---------- SOURCE DATA
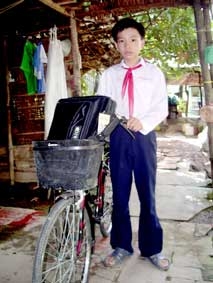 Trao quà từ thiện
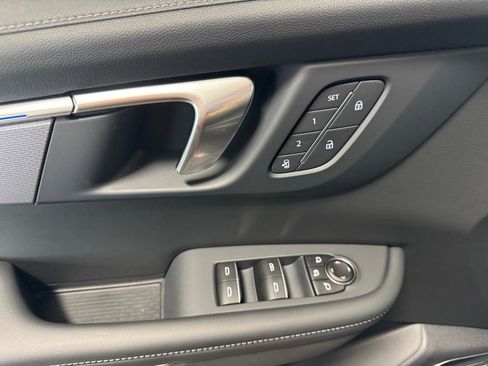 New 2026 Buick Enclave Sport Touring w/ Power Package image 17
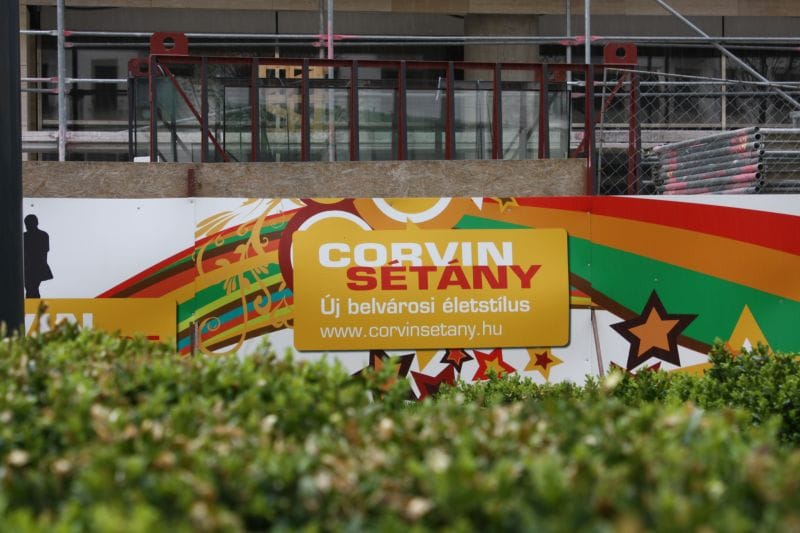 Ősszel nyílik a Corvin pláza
--------------------
---------- SOURCE DATA
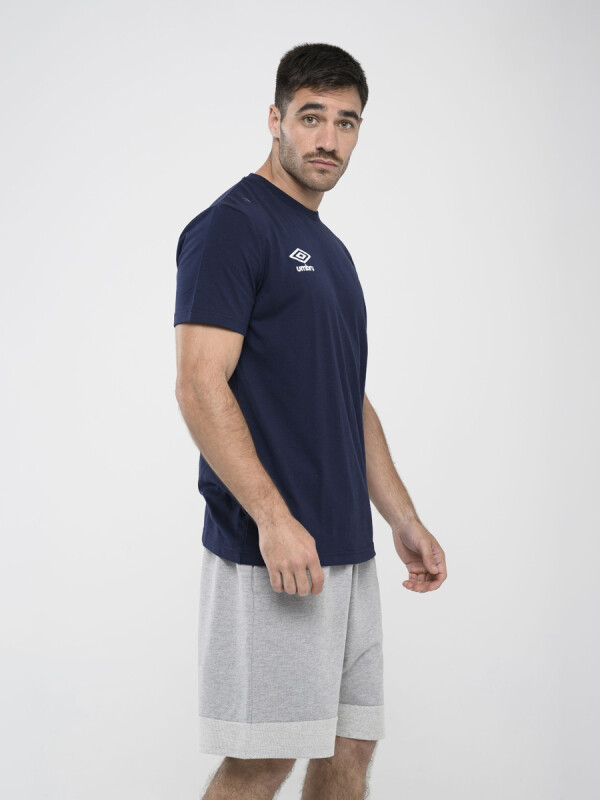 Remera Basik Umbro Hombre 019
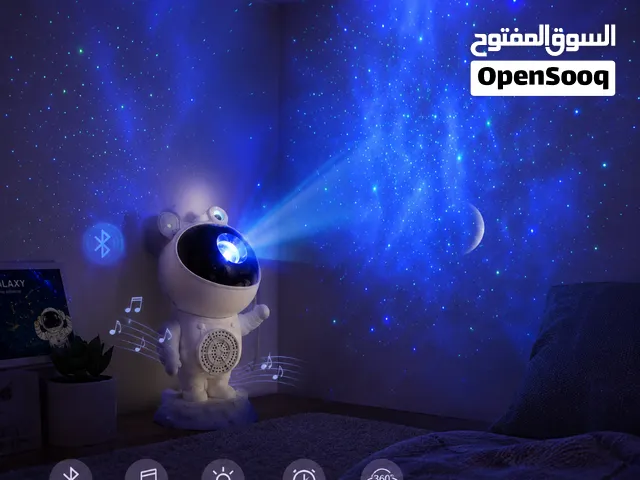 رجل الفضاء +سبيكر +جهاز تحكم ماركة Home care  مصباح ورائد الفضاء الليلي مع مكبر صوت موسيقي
--------------------
Using the data above, give again exactly the lines starting at the one holding "New 2026 Buick" and ending at the one holding "Ősszel nyílik a Corvin pláza", inclusive, and nothing more. Omit the pictures.

 New 2026 Buick Enclave Sport Touring w/ Power Package image 17
 Ősszel nyílik a Corvin pláza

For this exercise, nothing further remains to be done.